B.A. nodded and began digging through the papers in front of him. He selected one and stared at it blankly. It was the same disarming technique that Clinton used when negotiating contracts, acting as if there were information on the paper that diminished his opponent’s position.

“Phil,” the coach began slowly, “you’ve been up here for conferences with me several times in the years you’ve been with the club, haven’t you?”

I nodded.

“What did we talk about those times?”

“Different things, mostly your reasons for benching me. You benched me three times, or so, a year.”

“Did I tell you why I was benching you?”

“Well, you usually said it was maturity. I either lacked it or had too much, I don’t recall.”

“Maturity,” B.A. mouthed the word carefully. He remained silent for several seconds, gazing at the piece of paper. “I think you’re a good receiver, Phil,” he began again. “You probably have the best hands in football today. You’re a good football player, but so is everybody else on the club. That’s why you’re all here. And football is other things besides ability. It’s dedication and it’s discipline. You must give something back to the sport, you can’t always be taking.”

“B.A.,” I said, “I can barely stand up, can’t breathe through my nose, and haven’t slept more than three hours at a stretch in over two years, all from leaving pieces of me scattered on playing fields from here to Cleveland. Isn’t that giving something back?”

“That’s not what I mean,” he protested. “You must live by the rules that have been built up over the years by people who love the game and sacrificed for it. You just can’t come in here and disregard those traditions and change what you want.”

“That’s really funny, B.A.,” I interrupted. “You people change everything, a game becomes a corporate enterprise for one thing—money. Look at you all,” I pointed around the room, “pinstripe suits, hundred-dollar shoes, and razor cuts. And now you tell me I’ve got to be Bronko Nagurski.”

B.A. frowned and shook his head. He scanned the paper, his forehead furrowed in thought. Finally he looked up.

“You think you’re so smart,” he said. “I’ve heard all those tired arguments about professional football corrupting and I don’t believe ’em. And furthermore, I know about you.” He dug into the stacks of papers and came up with several sheets of psychological tests that had been administered to me and the rest of the team. He held up one of the papers and read from it.

“You’re a high achiever who is totally self-reliant. You have no close friends or loved ones. You need nothing but yourself. You are dangerous to organization for the same reason you are desirable. As a high achiever you tend to be violently frustrated and will, if not controlled, destroy that which frustrates you.” He put down the paper. “Don’t you see? We must have a way to control people like you.”

“How about a frontal lobotomy?”

“You refuse to understand,” he continued. “You resent my coldness, my logical approach to problems. Well, I have a job to do and I can do it best without my personal feelings being involved. But you can’t. You refuse to submit to the rules.”
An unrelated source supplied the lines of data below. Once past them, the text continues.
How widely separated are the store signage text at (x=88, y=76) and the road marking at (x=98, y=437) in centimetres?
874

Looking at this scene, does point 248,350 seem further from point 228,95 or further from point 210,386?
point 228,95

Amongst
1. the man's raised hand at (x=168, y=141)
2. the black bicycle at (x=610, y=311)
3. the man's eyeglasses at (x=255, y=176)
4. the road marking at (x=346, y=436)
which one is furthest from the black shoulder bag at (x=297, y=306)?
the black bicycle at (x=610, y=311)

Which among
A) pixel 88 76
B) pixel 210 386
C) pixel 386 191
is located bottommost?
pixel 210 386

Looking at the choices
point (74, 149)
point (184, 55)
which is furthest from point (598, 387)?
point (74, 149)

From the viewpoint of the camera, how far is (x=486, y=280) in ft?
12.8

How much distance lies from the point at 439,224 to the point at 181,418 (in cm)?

“Don’t you see?” I was beginning to crack. I saw no escape from the inevitable. “You control my life, but don’t feel any need to become involved with me as a person. Don’t you understand how frightening that is for me? To have absolutely no human rapport with the people who, as he said,” I pointed at Clinton Foote, “own me. You own me but you don’t want to get involved with me. What the fuck does that mean?”
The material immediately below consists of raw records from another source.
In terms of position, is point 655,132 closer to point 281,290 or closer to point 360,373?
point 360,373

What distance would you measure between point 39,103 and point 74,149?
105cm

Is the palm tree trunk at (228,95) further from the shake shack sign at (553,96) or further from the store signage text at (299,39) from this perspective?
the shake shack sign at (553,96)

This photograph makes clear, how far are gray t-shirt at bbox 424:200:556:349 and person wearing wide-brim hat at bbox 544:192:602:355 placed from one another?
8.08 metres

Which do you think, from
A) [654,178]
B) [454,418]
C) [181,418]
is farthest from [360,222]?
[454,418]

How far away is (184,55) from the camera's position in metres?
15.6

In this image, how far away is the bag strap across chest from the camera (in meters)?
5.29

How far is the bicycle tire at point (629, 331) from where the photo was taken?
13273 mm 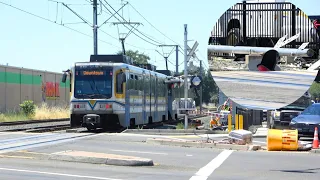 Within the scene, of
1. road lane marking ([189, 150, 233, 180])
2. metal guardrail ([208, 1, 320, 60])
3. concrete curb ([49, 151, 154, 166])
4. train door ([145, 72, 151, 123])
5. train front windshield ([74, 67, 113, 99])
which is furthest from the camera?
train door ([145, 72, 151, 123])

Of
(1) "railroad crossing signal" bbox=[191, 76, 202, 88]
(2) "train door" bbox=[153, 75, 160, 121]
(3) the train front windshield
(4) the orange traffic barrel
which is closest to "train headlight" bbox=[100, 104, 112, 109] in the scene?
(3) the train front windshield

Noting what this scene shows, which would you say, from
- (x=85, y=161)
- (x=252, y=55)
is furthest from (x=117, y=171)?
(x=252, y=55)

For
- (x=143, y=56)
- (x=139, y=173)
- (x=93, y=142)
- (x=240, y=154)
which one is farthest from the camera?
(x=143, y=56)

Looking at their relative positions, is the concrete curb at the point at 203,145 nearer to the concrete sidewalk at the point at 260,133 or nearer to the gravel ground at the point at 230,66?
the concrete sidewalk at the point at 260,133

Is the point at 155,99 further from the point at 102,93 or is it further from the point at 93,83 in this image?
the point at 93,83

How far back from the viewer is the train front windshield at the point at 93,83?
2592cm

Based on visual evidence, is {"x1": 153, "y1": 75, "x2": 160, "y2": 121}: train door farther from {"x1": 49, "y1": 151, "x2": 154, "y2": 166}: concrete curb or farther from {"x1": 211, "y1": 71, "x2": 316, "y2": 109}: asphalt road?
{"x1": 211, "y1": 71, "x2": 316, "y2": 109}: asphalt road

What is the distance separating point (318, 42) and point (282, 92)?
0.64 m

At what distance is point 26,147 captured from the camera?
16.5 metres

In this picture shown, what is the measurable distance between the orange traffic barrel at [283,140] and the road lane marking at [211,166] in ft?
4.14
B.A.’s face remained unresponsive.

“I fully understand your objections to the way I run this team,” he said dispassionately. “I just don’t agree with you. You have a job to do and you should do it. Your personal life is something else. We have a difference of opinion and you refuse to keep it out of your work. Well, I’m in the business of winning football games, not clearing troubled consciences. I can’t have you constantly questioning my authority. I don’t care if you like me, but I insist you respect me.”

“B.A., you can’t order people to respect you. As a man who wins football games you don’t have a peer, but you seem to think that qualifies you as an exceptional human being full of personal and Godly grace.” I stopped for a moment to catch my breath and control my voice, which had been rising markedly as I spoke.

“You think that there is something wrong with winning and I won’t tolerate that.” B.A. pointed a finger at me, his face masking the emotion that was obvious in his voice. “Winning is the most important thing. The sacrifice and responsibility that must be shouldered in order to win are what make men. It’s what makes this country the greatest in the world. Feared and respected. Sticking to the rules and winning. You’re just not willing to pay the price.”

“If the price is thinking like you, then I won’t pay it. But if you think it’s merely a difference of opinion you’re a very silly man.” I sank back in my seat, suddenly worn out from a battle that hadn’t even taken place. I knew it was hopeless to argue, but I had to do something.

“Well,” B.A. answered, his voice calm and his eyes frosted, “you make your existential quests on somebody else’s time. The issue is simple. People must, and I mean must, submit to control at some level. You refuse. So, you must leave.” He looked down and began sorting and stacking the piles of papers in front of him. He placed the papers in a manila file folder and laid them back on the desk. He kept his eyes down and leaned back in his chair. Nobody moved until he finished.

Ray March pulled a folded paper from his inside coat pocket. He studied the paper carefully, then looked at me.

“When the commissioner was first made aware of the charges against you—”

“Charges?” I interrupted. “I haven’t heard any charges. Just the week’s calendar of a fat voyeur.”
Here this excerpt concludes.